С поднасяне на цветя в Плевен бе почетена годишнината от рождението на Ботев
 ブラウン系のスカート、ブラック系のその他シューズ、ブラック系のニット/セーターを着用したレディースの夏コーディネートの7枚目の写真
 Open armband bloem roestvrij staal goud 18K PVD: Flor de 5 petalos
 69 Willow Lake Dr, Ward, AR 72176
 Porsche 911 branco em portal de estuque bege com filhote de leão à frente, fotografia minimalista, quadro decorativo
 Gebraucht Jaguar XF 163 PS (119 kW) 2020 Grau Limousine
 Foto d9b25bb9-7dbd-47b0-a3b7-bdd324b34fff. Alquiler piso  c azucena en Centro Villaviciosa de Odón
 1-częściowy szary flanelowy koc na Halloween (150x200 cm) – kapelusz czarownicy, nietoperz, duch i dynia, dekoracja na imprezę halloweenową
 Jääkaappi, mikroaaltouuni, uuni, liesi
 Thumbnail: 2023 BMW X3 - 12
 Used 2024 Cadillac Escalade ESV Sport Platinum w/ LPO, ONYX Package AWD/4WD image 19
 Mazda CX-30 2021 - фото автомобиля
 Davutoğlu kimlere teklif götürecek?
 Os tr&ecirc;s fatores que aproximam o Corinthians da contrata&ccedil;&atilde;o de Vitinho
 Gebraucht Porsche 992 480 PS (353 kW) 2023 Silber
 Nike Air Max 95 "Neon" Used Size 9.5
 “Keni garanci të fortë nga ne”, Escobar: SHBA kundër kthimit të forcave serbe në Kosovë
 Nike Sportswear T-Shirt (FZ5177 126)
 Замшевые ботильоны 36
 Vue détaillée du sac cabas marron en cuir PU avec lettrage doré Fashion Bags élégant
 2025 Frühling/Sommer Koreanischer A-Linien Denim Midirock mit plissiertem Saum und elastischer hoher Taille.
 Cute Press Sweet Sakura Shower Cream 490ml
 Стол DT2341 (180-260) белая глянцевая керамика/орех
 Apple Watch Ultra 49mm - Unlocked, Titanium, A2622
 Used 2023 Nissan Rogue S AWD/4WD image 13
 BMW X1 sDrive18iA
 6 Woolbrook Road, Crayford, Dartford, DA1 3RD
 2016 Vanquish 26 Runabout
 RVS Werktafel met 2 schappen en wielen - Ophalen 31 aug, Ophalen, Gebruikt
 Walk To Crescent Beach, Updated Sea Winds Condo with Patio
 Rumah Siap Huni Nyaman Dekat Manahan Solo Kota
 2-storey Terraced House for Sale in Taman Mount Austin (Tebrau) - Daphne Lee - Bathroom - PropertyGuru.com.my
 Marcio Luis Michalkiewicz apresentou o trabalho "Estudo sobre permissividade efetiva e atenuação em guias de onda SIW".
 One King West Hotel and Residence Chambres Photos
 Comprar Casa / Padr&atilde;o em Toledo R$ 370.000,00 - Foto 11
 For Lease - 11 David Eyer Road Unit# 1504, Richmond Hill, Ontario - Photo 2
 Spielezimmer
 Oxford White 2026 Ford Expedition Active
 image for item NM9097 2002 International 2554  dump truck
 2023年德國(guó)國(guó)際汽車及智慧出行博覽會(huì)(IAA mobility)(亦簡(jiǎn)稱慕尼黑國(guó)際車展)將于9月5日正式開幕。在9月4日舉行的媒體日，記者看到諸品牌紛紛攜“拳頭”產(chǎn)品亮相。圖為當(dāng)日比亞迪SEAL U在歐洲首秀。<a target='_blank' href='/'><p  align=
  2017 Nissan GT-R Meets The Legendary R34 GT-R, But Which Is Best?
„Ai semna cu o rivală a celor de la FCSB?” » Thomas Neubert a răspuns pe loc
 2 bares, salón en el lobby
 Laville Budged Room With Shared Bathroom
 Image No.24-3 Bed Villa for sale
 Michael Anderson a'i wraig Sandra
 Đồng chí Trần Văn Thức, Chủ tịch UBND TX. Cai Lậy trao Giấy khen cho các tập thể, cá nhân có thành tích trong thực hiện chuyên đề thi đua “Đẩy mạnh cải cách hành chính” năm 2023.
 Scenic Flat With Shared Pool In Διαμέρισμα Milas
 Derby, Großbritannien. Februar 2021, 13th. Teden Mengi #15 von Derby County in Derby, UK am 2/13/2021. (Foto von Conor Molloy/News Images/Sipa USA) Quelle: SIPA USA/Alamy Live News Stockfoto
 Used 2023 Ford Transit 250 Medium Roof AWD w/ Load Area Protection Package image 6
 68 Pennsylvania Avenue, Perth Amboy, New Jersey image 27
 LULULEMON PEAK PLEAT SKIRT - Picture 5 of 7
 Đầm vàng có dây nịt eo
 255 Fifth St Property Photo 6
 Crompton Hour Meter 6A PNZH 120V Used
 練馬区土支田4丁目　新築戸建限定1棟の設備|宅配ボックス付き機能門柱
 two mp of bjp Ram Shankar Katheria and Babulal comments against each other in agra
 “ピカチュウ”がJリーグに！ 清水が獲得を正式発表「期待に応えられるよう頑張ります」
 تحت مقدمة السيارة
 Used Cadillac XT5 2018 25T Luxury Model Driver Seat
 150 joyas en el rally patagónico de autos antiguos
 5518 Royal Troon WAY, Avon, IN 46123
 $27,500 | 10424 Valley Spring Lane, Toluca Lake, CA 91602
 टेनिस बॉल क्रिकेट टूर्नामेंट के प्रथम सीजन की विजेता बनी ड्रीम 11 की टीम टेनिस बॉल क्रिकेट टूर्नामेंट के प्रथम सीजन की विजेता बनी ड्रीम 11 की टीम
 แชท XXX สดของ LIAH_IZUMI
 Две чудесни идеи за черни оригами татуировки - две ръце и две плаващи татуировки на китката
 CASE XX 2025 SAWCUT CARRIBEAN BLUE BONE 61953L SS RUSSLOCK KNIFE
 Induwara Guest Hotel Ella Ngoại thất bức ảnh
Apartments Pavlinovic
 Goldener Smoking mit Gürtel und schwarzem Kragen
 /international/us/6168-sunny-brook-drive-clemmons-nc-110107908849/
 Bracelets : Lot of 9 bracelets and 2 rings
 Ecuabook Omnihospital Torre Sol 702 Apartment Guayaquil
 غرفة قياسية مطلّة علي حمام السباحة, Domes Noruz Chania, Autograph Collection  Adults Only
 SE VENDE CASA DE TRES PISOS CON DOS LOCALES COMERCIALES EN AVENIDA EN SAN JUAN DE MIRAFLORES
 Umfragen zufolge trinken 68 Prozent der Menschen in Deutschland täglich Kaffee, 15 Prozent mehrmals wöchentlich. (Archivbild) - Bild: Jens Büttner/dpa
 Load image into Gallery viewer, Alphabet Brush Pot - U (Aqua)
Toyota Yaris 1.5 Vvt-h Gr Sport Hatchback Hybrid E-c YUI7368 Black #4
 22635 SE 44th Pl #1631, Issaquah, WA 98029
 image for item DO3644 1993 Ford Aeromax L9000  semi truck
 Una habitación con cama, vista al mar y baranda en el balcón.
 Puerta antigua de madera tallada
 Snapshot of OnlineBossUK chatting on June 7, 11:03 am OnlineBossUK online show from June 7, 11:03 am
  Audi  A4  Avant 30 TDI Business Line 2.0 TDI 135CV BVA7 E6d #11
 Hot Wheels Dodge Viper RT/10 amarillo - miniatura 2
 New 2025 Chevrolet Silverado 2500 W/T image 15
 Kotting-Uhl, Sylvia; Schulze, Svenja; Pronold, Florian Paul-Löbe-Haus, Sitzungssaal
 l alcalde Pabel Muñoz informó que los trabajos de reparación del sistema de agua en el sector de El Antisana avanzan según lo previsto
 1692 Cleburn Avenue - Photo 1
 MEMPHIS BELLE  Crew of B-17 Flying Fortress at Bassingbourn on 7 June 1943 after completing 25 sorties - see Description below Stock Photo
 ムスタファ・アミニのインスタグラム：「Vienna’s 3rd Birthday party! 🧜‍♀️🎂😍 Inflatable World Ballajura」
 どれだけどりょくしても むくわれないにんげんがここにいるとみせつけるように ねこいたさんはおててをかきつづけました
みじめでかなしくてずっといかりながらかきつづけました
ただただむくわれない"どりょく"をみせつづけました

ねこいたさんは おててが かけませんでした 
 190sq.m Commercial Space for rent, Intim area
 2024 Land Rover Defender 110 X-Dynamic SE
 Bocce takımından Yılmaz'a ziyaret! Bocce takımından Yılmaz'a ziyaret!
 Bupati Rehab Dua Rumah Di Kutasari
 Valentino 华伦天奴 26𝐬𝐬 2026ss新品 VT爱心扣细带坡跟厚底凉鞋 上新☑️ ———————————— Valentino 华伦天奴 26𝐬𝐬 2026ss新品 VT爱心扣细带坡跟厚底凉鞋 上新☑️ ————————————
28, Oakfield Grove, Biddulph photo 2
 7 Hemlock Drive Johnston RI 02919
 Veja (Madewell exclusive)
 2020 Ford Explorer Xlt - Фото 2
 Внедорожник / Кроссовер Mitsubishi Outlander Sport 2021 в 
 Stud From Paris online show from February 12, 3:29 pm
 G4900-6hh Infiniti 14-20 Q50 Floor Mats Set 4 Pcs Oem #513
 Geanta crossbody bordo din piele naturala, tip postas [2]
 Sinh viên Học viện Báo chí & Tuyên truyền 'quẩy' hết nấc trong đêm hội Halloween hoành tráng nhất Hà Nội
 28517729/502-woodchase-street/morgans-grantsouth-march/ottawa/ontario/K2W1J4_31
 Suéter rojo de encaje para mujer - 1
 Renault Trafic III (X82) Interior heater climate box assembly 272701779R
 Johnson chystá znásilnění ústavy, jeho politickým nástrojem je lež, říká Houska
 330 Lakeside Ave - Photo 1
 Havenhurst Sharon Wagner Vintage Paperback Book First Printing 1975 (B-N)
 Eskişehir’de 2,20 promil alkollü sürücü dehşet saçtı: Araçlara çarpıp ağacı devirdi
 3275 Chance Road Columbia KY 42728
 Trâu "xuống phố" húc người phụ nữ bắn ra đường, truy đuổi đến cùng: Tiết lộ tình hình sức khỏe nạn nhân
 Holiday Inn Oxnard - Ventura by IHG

+-------+

GOAL OF THE EXERCISE: Using the entries above, give the number of lines that carry the string "Load", without anything else.

TASK RESULT: 2